Nesse cenário, o Brasil terá, pela primeira vez em Copas, uma influenciadora preta como um dos destaques da cobertura digital, que conta com nomes de peso no cenário, como Fred e Casimiro. A fluminense Bianca Santos, de 25 anos e nascida em Petrópolis, é uma das apresentadoras do canal Desimpedidos, um dos maiores perfis sobre futebol no País, com mais de 9 milhões de inscritos só no YouTube. Ela ficará no Catar até o fim do torneio criando conteúdos para o canal, para marcas e para seus perfis.
Já a CBF criou o projeto "Nossa Seleça" e terá no Catar outros influenciadores, com mais de 100 milhões de seguidores nas redes sociais. Bianca foi convidada pela agência NWB a viver em uma casa com outros influenciadores brasileiros em Al Sakhama, localizada ao norte da cidade de Lusail. "Minha relação com o futebol se deu por conta de ser criada sozinha pelo meu pai. Apesar de ele ser flamenguista, não é de torcer, ir ao estádio. Isso me intrigava e acabei me interessando pelo universo do futebol para entender por que ele parecia desinteressado", conta Bianca, que sem saber que viraria uma criadora de conteúdo digital, procurou pela internet, aos 11 anos, um time do Rio para torcer.
"A primeira opção que gostei foi o Vasco, mas o time tinha acabado de ser rebaixado à Série B e eu queria um clube que estivesse na Série A. Nessa época, uma amiga minha torcia para o time, tinha até tatuagem e me influenciou".
Com 15 anos, Bianca foi viver na Cidade de Deus junto de sua madrasta na época e as irmãs. Ela demorou para se habituar à nova vida, apesar de considerar a mudança benéfica.
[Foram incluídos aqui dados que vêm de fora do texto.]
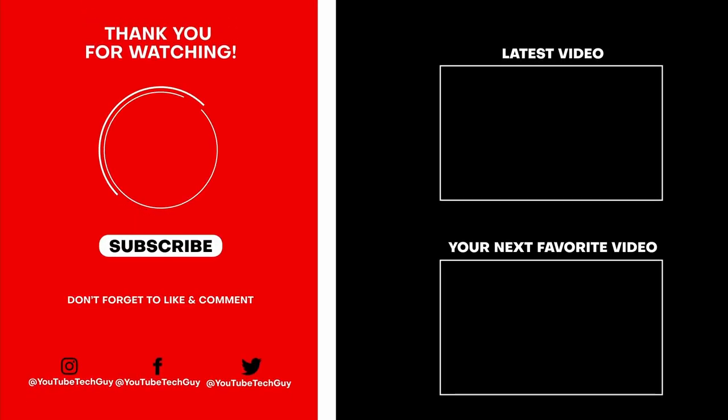Let me know what you guys think in the comments section below. Have you ever thought about getting a projector instead of a TV, or as an addition to a TV? Thank you as always for watching — this has been Ricky, the YouTube Tech Guy. Make sure to subscribe, like, and comment down below. Also follow us on social media at YouTube Tech Guy and check out more great tech videos on your screen right now.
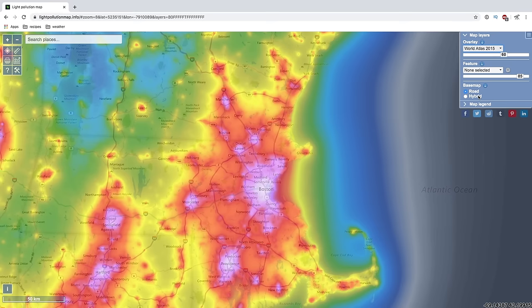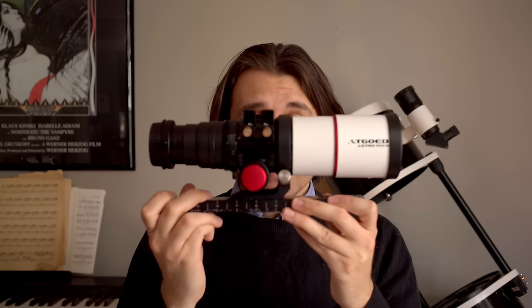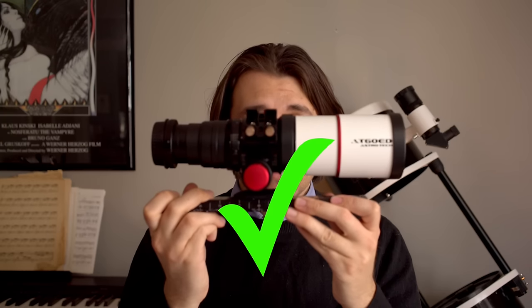Full moon? Check. City light pollution? Check. Super small telescope? Check. We have all the exact wrong conditions to capture a galaxy, so let's see what we can do.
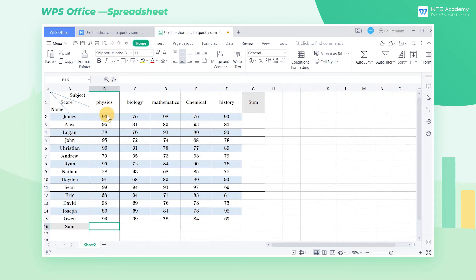Take this table as an example. We need to sum the column data of the table. Just select the sum range B16 through F16, then press the shortcut Alt and Equal to quickly complete the summation.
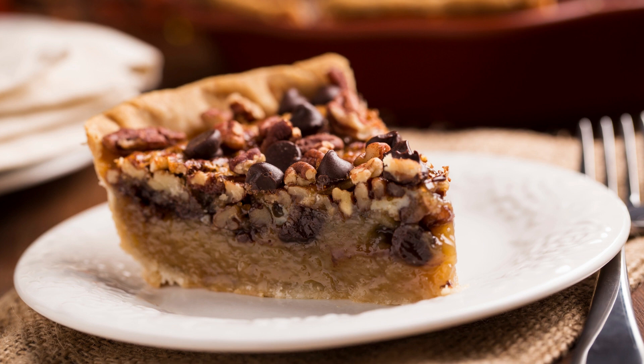In a small saucepan, melt the chocolate chips and butter over low heat. Stir until smooth and set aside. In a large bowl, beat the eggs. Add the corn syrup, granulated sugar, brown sugar, salt, and vanilla extract. Mix until well combined. Stir in the pecans.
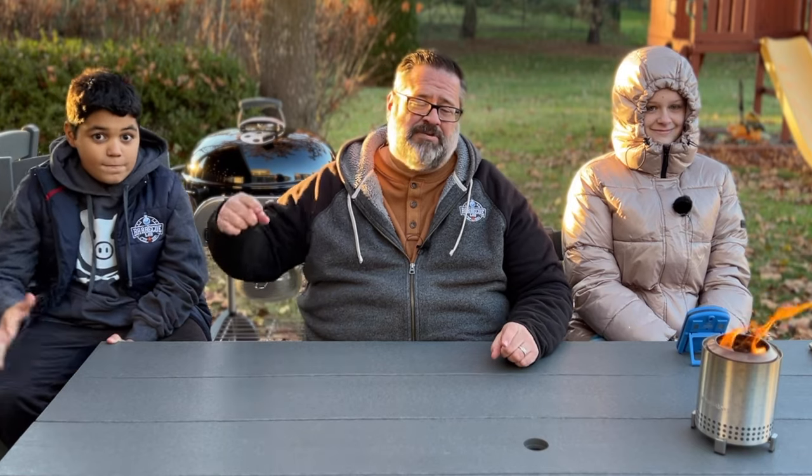Welcome back to the Barbecue Lab. I am David, this is Addie, and this is Ethan. Today we're giving you our budget gift guide — for those who want to give great gifts but don't necessarily have the coin to back it up. We're going to make this super fast because Addie might be a little bit cold, so she said to give me 20 seconds with each item. Ethan's going to keep changing out items for me.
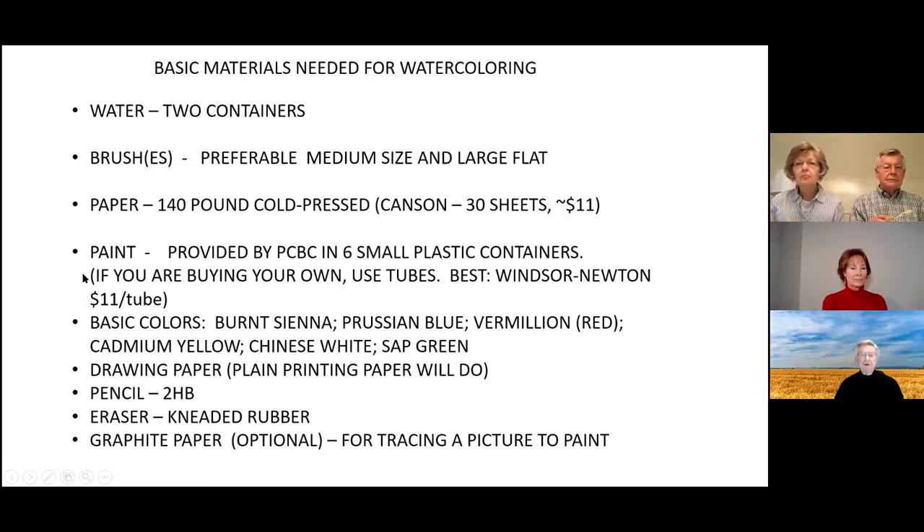For paint, you've been given six small plastic containers and you can expand your palette as you go. What you have in your packet includes burnt sienna, which is a dark rusty brown; Prussian blue, a very dark blue; vermilion red; cadmium yellow; Chinese white; and sap green. The Chinese white won't be used today, and you probably won't need the cadmium yellow either.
"Tive um período de tristeza e encontrei alegria e conexão comigo mesma na primeira vez que fui a um jogo do Fluminense no Maracanã, em 2013. Eu ia sozinha e muita gente estranhava ou perguntava se eu não tinha medo por conta do histórico de violência do estado no futebol. Com o tempo, alguns amigos começaram a me incentivar a falar sobre os jogos e em 2017 criei os primeiros conteúdos voltados para futebol na plataforma Snapchat."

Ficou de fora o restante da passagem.